一週間前に初めて体も繋がってからというものの、モモがそれまで以上にかわいく見えてしまって、それから全く誘えなくなってしまったのだ。
――モモの方が負担が大きいんだから、また今度、時間があるときにね。
今のところは、恋人を気遣う優しい彼氏のふりができている。だけどその実、内心ではモモのかわいさに慌てふためいているのだから滑稽だった。
身支度を終えて、クローゼットの扉を閉める。リビングに向かう足取りは、ほんの少し重かった。
全てを許し合ったあの日から、モモはこれまで以上に嬉しそうに笑いかけてくるし、僕の名前を呼ぶ声は前よりもっと甘いし、それに。

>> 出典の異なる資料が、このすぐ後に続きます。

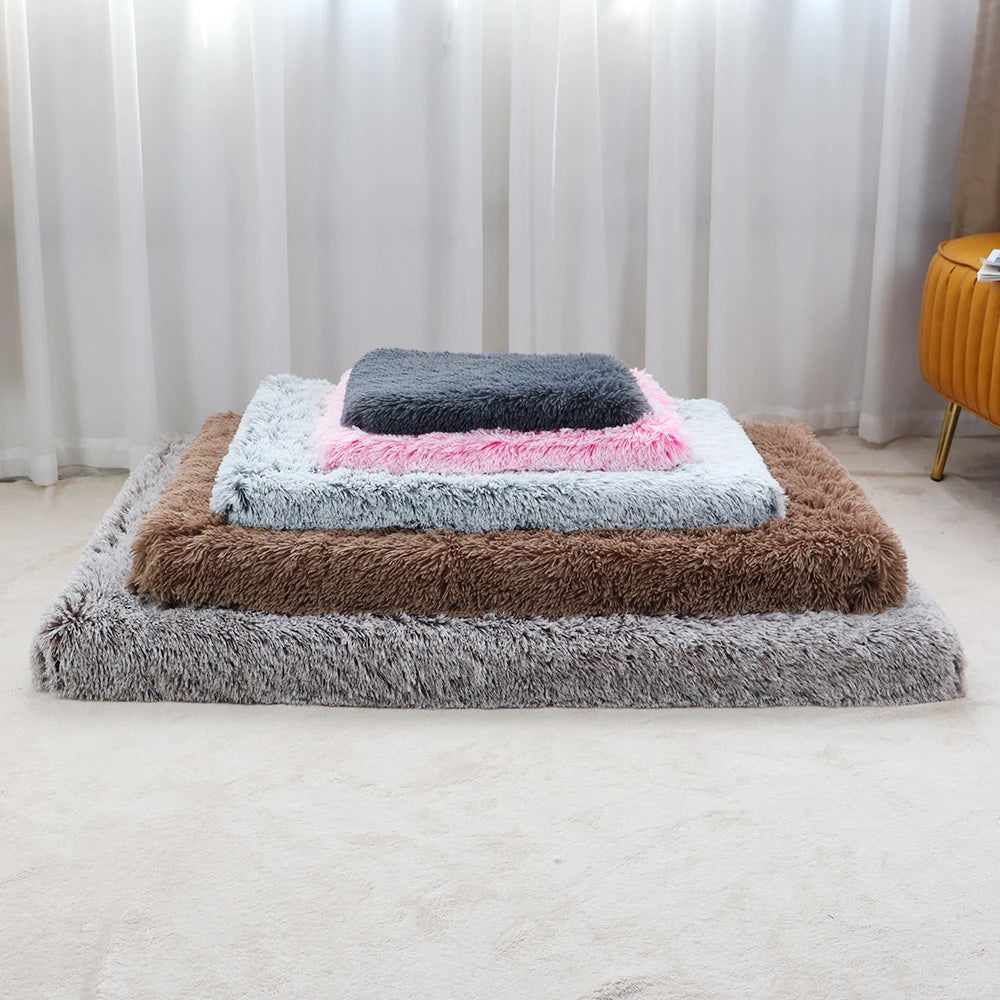 Square Long Plush Warm Dog Bed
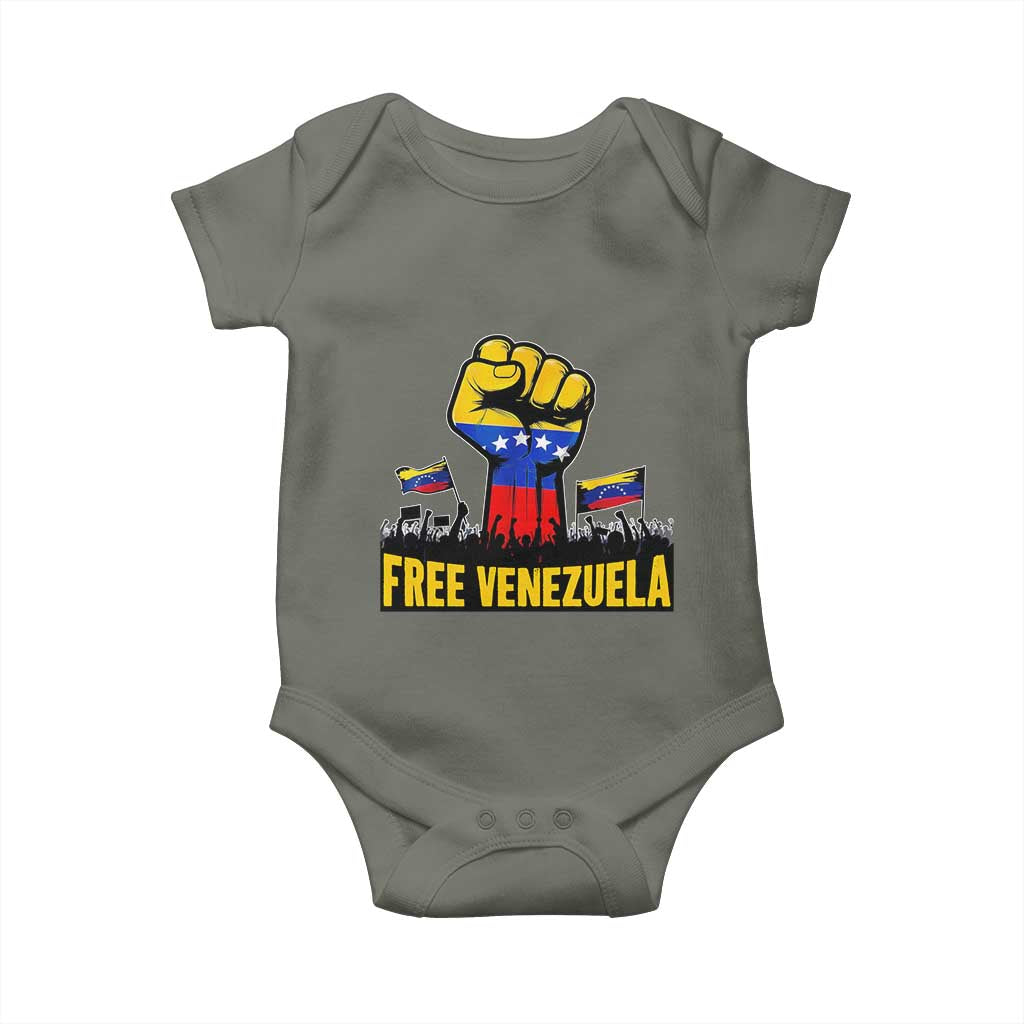 Free Venezuela Flag Baby Onesie Raised Fist Resistance for Liberation Supporters - Wonder Print Shop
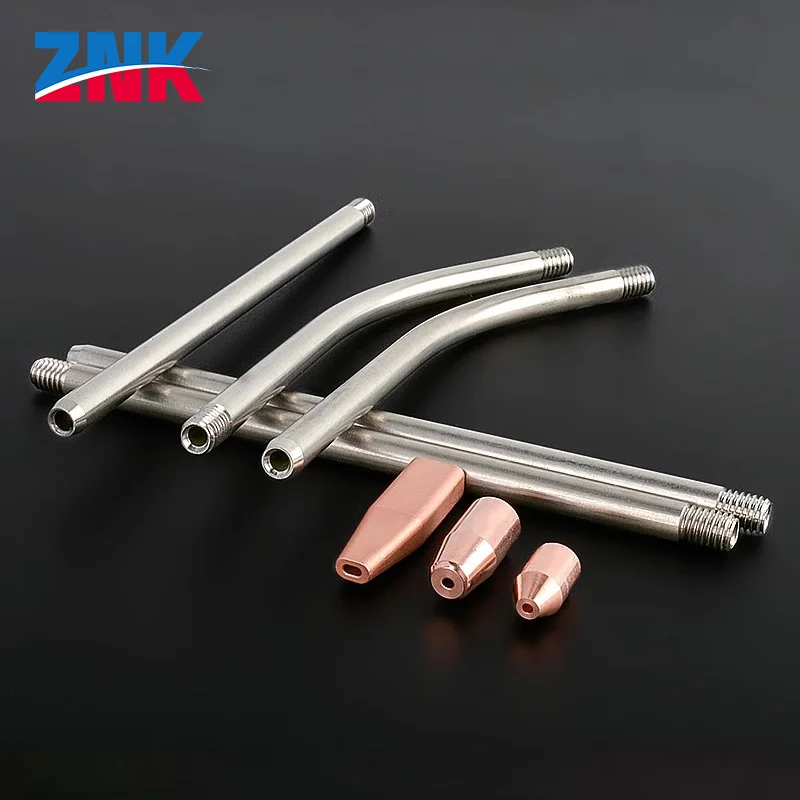 ZNK Fiber Laser Handheld Welding Wire Feeding Screw Rod Guide Wire Nozzle Copper Tip M5 Automatic Wire Filling Nozzle 1.2/1.6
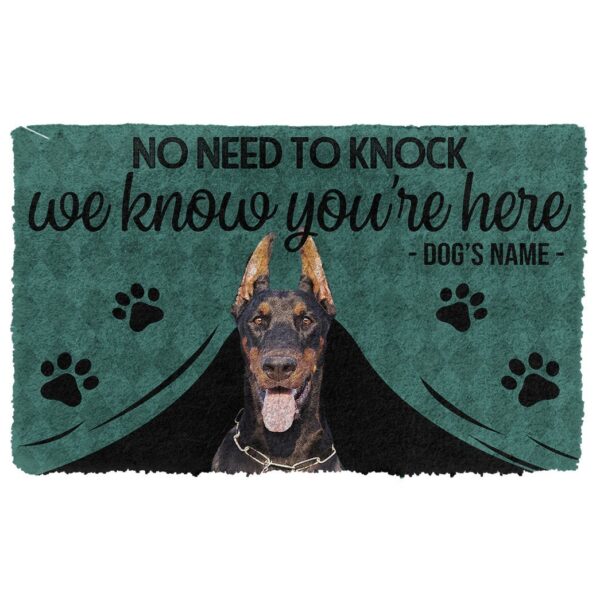 Gearhuman 3D Doberman Pinscher We Know Youre Here Custom Name Doormat GW01023 Doormat Doormat S(15,8''x23,6'')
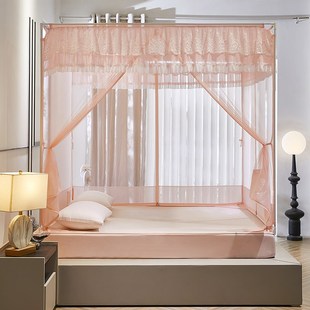 蚊帐家用202新款 1x190床笠回底卧室2米x2米大床蚊帐 免安装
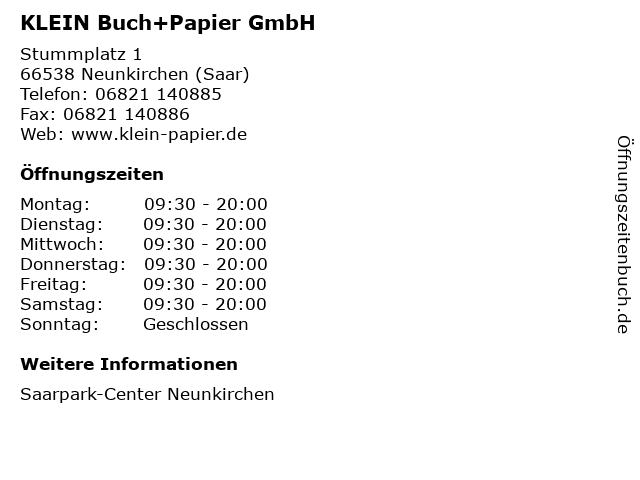 KLEIN Buch+Papier GmbH in Neunkirchen (Saar): Adresse und Öffnungszeiten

「あーん、今日のコーデもめちゃくちゃ似合ってる……!」
リビングの扉を開けた途端に、モモがめろめろな顔をしてこちらに駆け寄ってきた。
ラビスタ用のオフショ撮ろ! 派手なカバーを被せた携帯電話をかざしながら、モモが僕の腕を抱きしめる。ギュッと力を込められて、顔がじわりと熱くなった。
わ、モモ、まためっちゃくっついてくる。抱きついてきてくれるのは嬉しいけど、これ以上はまずいかも。
頭の中ではそんな風に焦りながらも、カメラの前ではどうにか平静を装って、Re:valeのダーリン役の顔を作る。撮ったばかりの写真を確認しようとしてモモの腕が解けたことに、ひっそりと胸を撫で下ろした。
ふう、危ないところだった。あと少しで、耳が赤くなっていたかもしれない。初めてセックスをした日からこうしてずっと照れ続けていることを、モモにだけは知られたくなかった。
「あ、おかりんもう着いたって」
「そう。じゃあ、僕たちも行こうか」
うん、とモモが頷いたのを確認して、二人でリビングを後にする。家を出るときも二人なら、今夜は帰ってくるときも二人だ。そのことが嬉しい一方で、そろそろボロが出そうなことが不安でならなかった。